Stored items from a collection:
=== Begin Enclosure ===
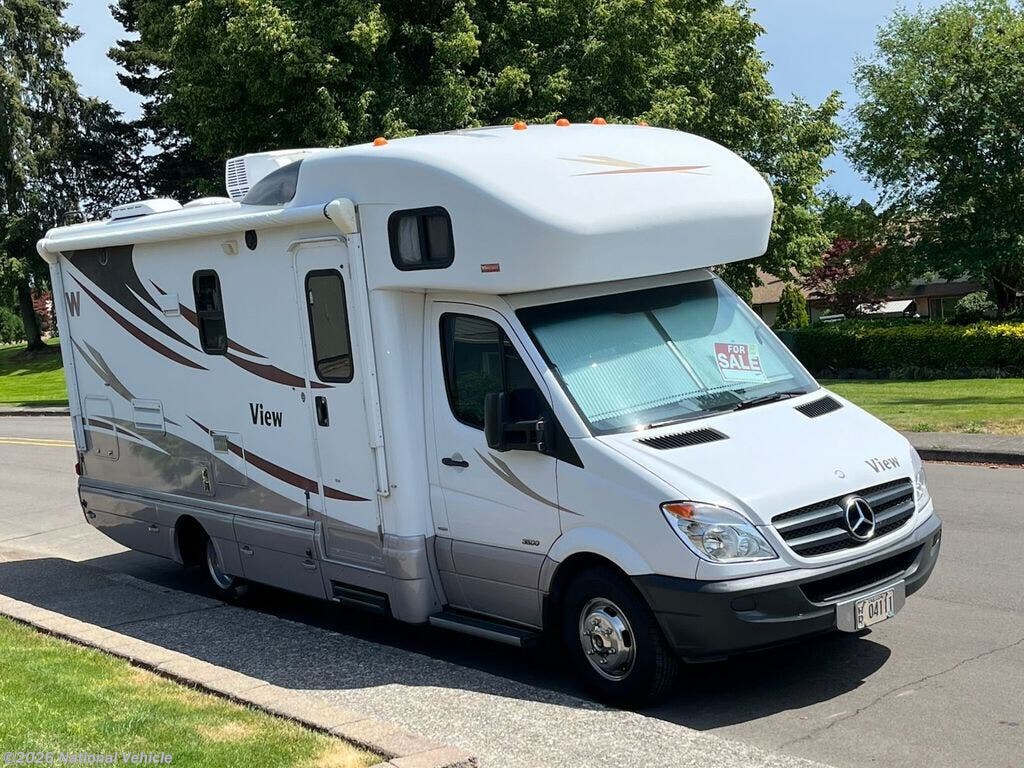 2014 View 24M by Winnebago from National Vehicle in Portland, Oregon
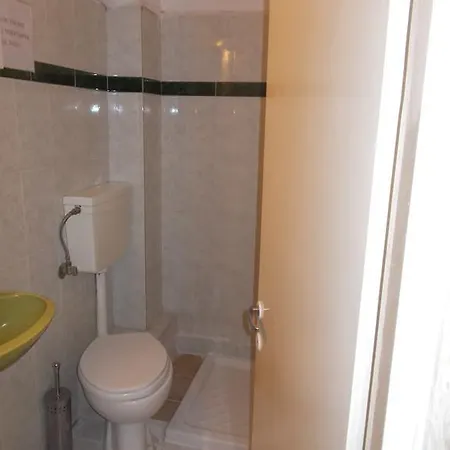 Drosia אספרובלטה
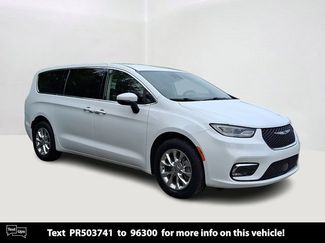 Used 2023 Chrysler Pacifica Touring-L AWD/4WD video 1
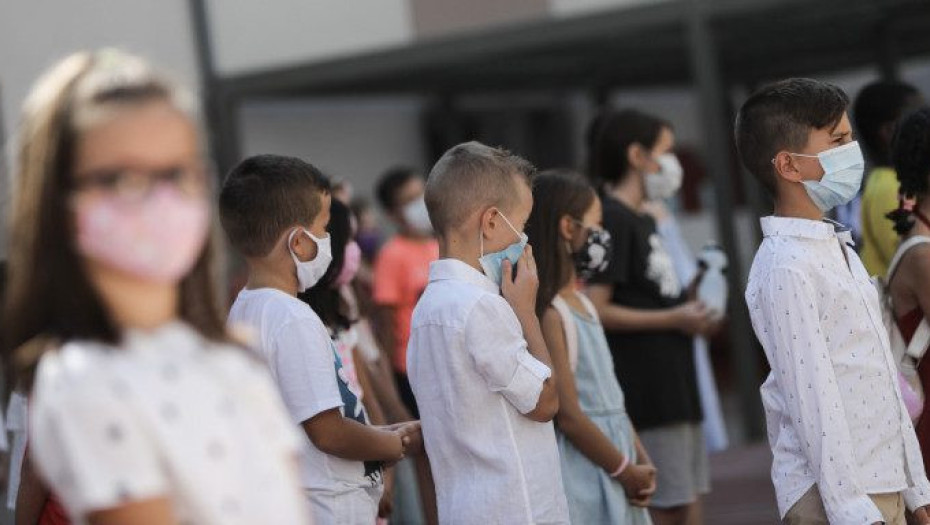 Τα σχολεία στέλνουν μήνυμα αγάπης στα νοσοκομεία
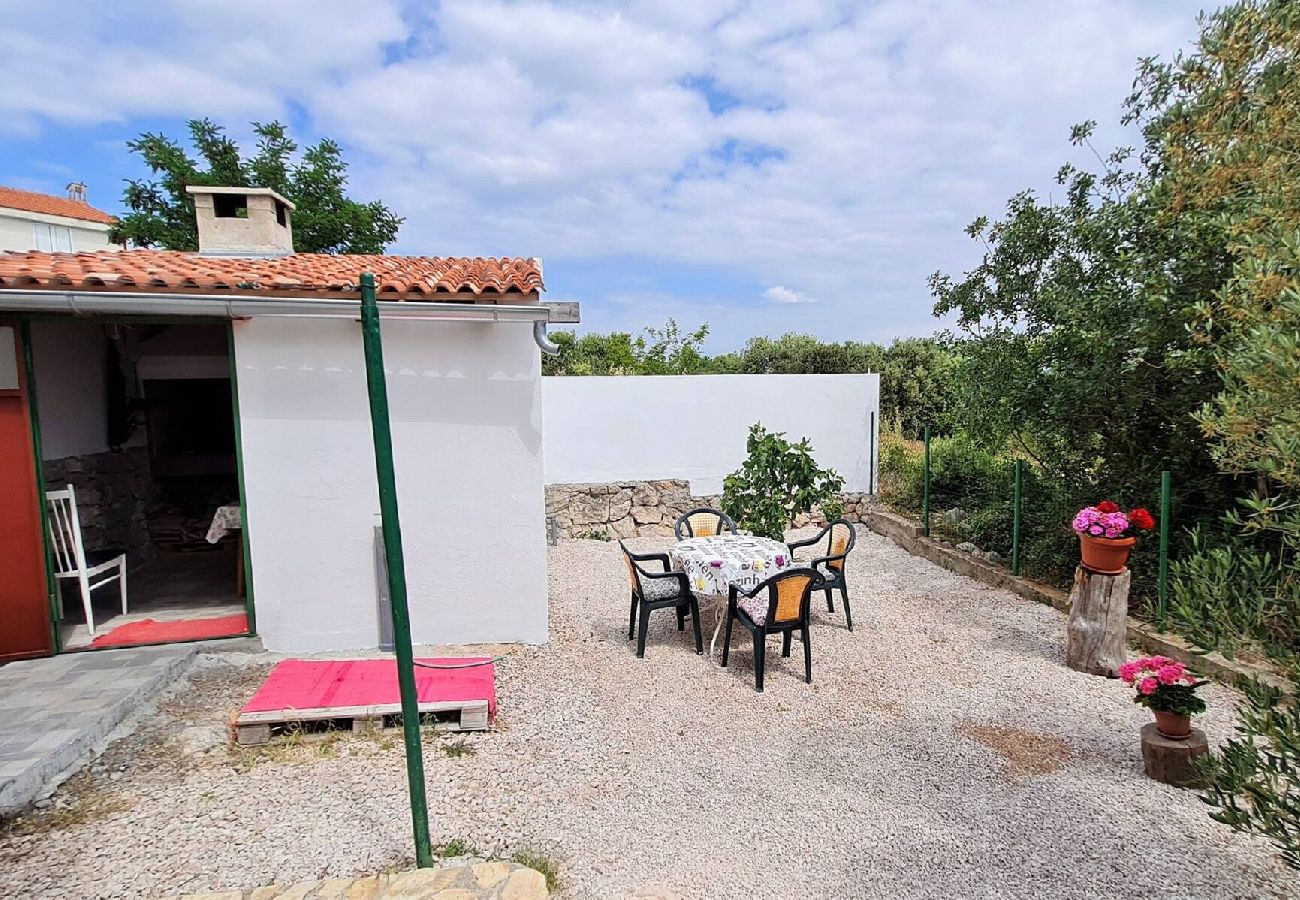 Ferienhaus in Šibenik - Beach house Franka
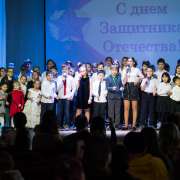 Дорогие коллеги, поздравляем вас с Днем Защитников Отечества!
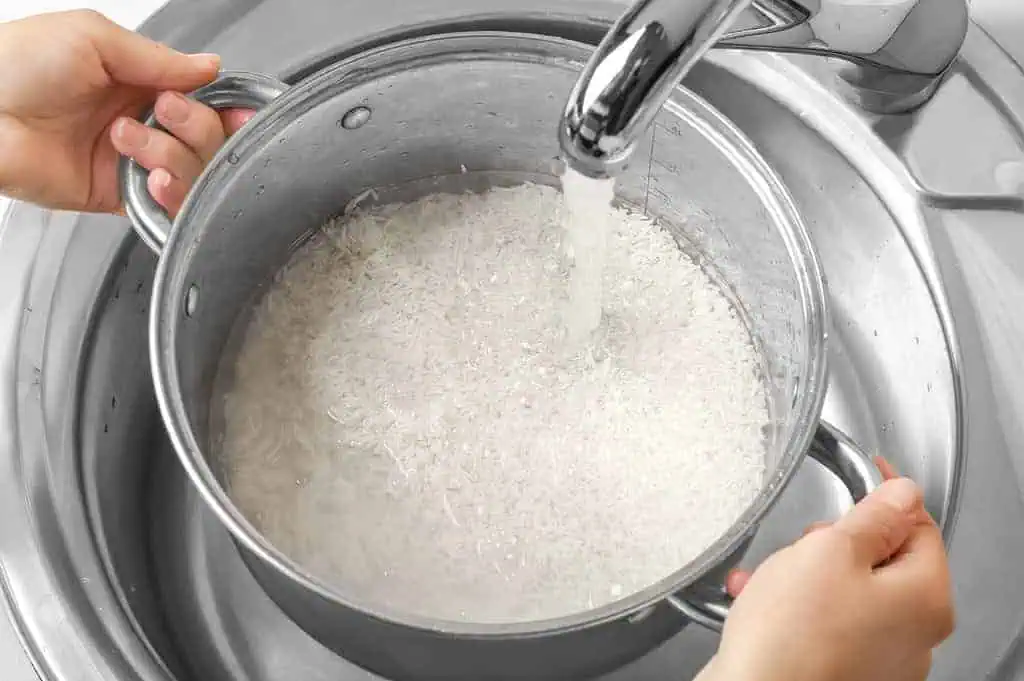 Perfektný TRIK profesionálnych kuchárov, ako uvariť dokonalú ryžu: Už nikdy nebudete kupovať RYŽU vo varných sáčkoch!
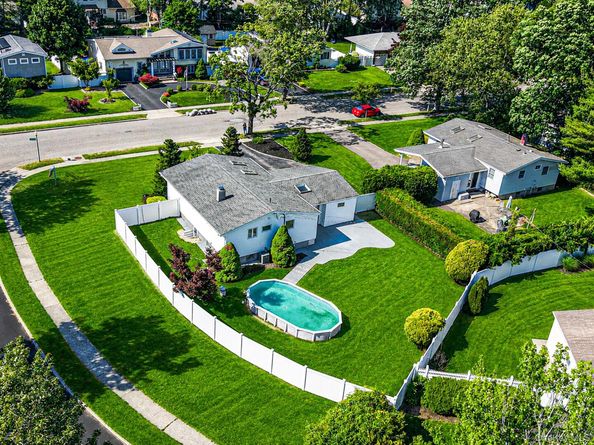 12 Sandalwood Drive, Smithtown NY 11787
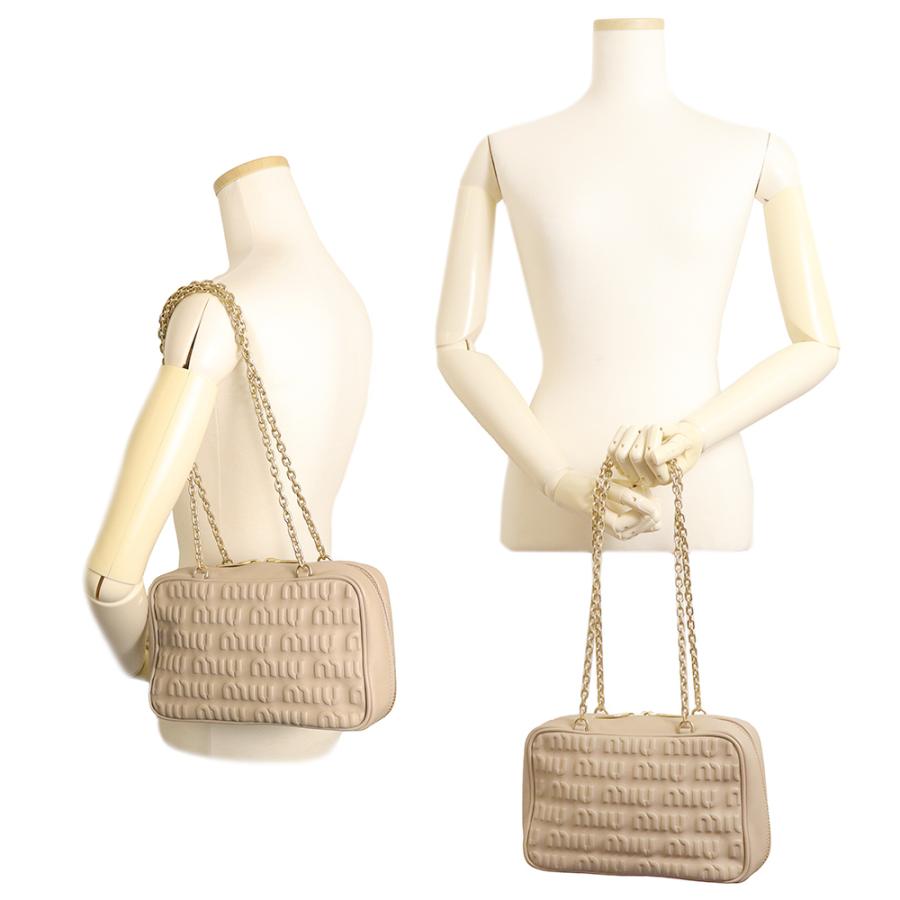ミュウミュウ エンボス ロゴ チェーン ショルダーバッグ レザー ベージュ ゴールド金具 5BB114 miu miu（未使用　展示品） miu miu（ミュウミュウ） （未使用 展示品）ミュウミュウ エンボス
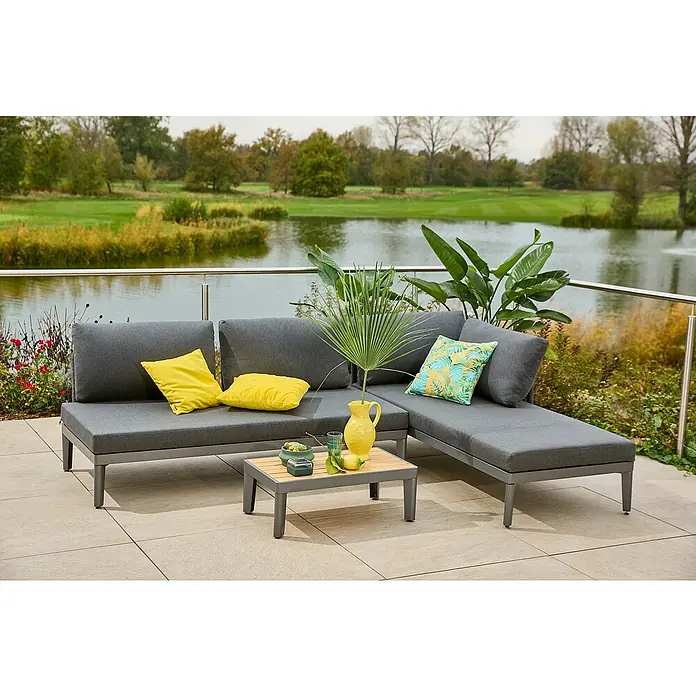Sunfun Solo Rope Loungemöbel-Set - 3 -tlg., Aluminium, Olefin, Night-Grey - Elegante graue Gartenlounge mit gelben Kissen und Couchtisch auf einer Terrasse mit Blick auf einen See.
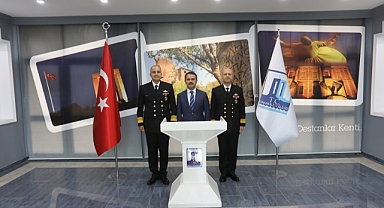 Tümamiral Rafet Oktar'dan, Vali İlhami Aktaş'a ziyaret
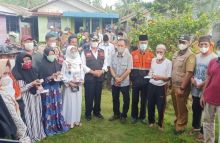 Saat kunjungi korban longsong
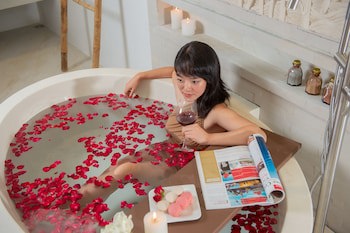 Dhevan Dara Resort & Spa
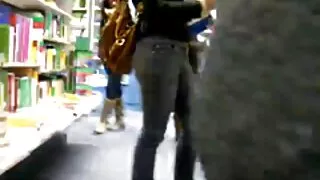 Brunette فیلمهایسیکسیایرانی ایک آدمی کی طرف سے ایک پنیپ پر لایا اور اس کے چہرے پر سہ کے ساتھ سڑک پر بھاڑ میں جاؤ تھا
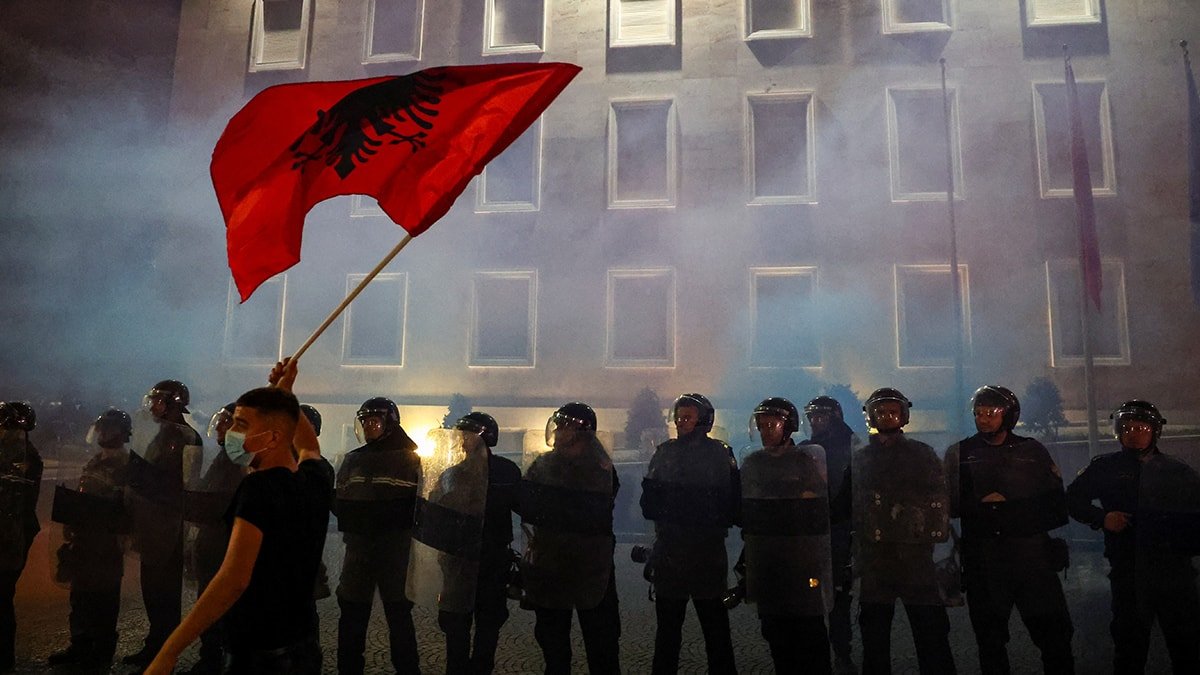 Türkiye'de Hükümet Karşıtı Protestolar: Sert Müdahale ve Ülkede Gerginlik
=== End Enclosure ===
▶ _EXERCISE INSTRUCTIONS_
For the entries above, return an exact copy that omits the images.

▶ _SOLUTION TO THE PROBLEM_
 2014 View 24M by Winnebago from National Vehicle in Portland, Oregon
 Drosia אספרובלטה
 Used 2023 Chrysler Pacifica Touring-L AWD/4WD video 1
 Τα σχολεία στέλνουν μήνυμα αγάπης στα νοσοκομεία
 Ferienhaus in Šibenik - Beach house Franka
 Дорогие коллеги, поздравляем вас с Днем Защитников Отечества!
 Perfektný TRIK profesionálnych kuchárov, ako uvariť dokonalú ryžu: Už nikdy nebudete kupovať RYŽU vo varných sáčkoch!
 12 Sandalwood Drive, Smithtown NY 11787
ミュウミュウ エンボス ロゴ チェーン ショルダーバッグ レザー ベージュ ゴールド金具 5BB114 miu miu（未使用　展示品） miu miu（ミュウミュウ） （未使用 展示品）ミュウミュウ エンボス
Sunfun Solo Rope Loungemöbel-Set - 3 -tlg., Aluminium, Olefin, Night-Grey - Elegante graue Gartenlounge mit gelben Kissen und Couchtisch auf einer Terrasse mit Blick auf einen See.
 Tümamiral Rafet Oktar'dan, Vali İlhami Aktaş'a ziyaret
 Saat kunjungi korban longsong
 Dhevan Dara Resort & Spa
 Brunette فیلمهایسیکسیایرانی ایک آدمی کی طرف سے ایک پنیپ پر لایا اور اس کے چہرے پر سہ کے ساتھ سڑک پر بھاڑ میں جاؤ تھا
 Türkiye'de Hükümet Karşıtı Protestolar: Sert Müdahale ve Ülkede Gerginlik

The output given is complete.